GIVEN MATERIAL —
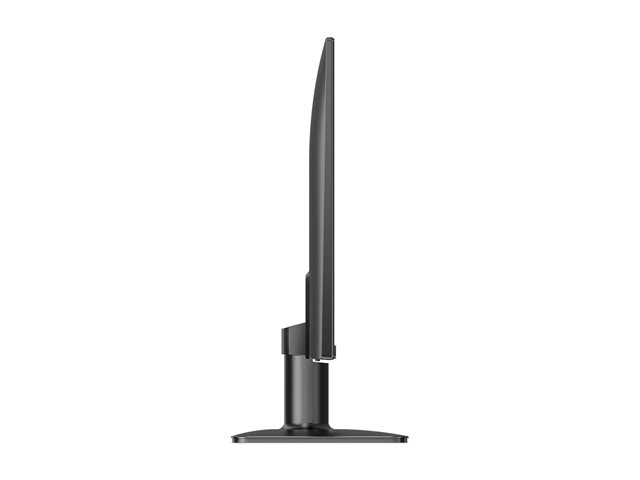 Philips 27E2N1100L - 1000 Series - LED monitor - 27\" - 1920 x 1080 Full HD (1080p) @ 100 Hz - VA - 4000:1 - 1 ms - HDMI, VGA - textured black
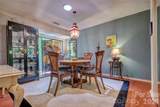 3 King Haigler Chase Street - Photo 2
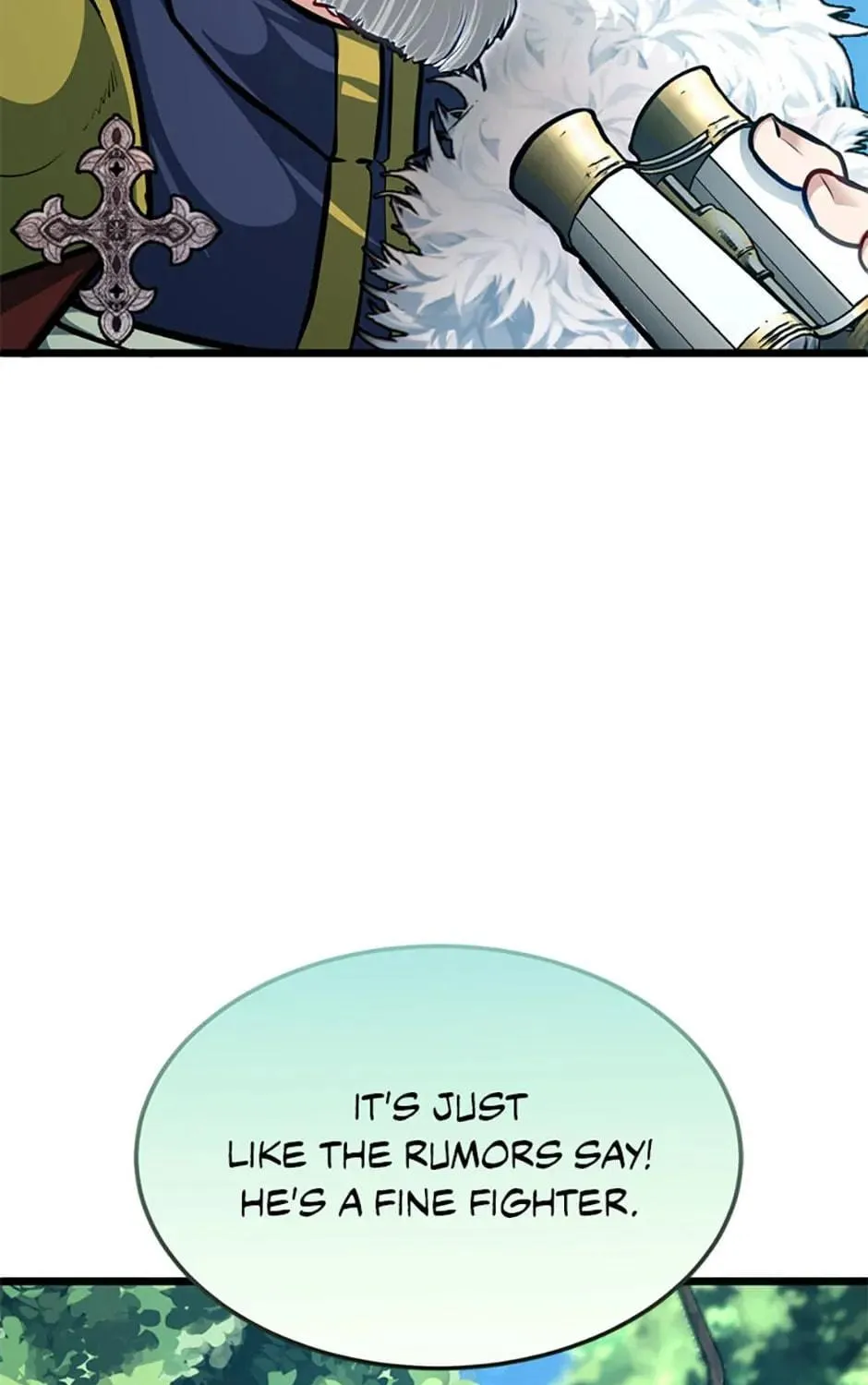 The Dragon Slayer Academy's Hotshot Chapter 28 page 159 -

YOUR GOAL — Now write out the data word for word, skipping every picture in it.

RESPONSE AREA —
 Philips 27E2N1100L - 1000 Series - LED monitor - 27\" - 1920 x 1080 Full HD (1080p) @ 100 Hz - VA - 4000:1 - 1 ms - HDMI, VGA - textured black
 3 King Haigler Chase Street - Photo 2
 The Dragon Slayer Academy's Hotshot Chapter 28 page 159 -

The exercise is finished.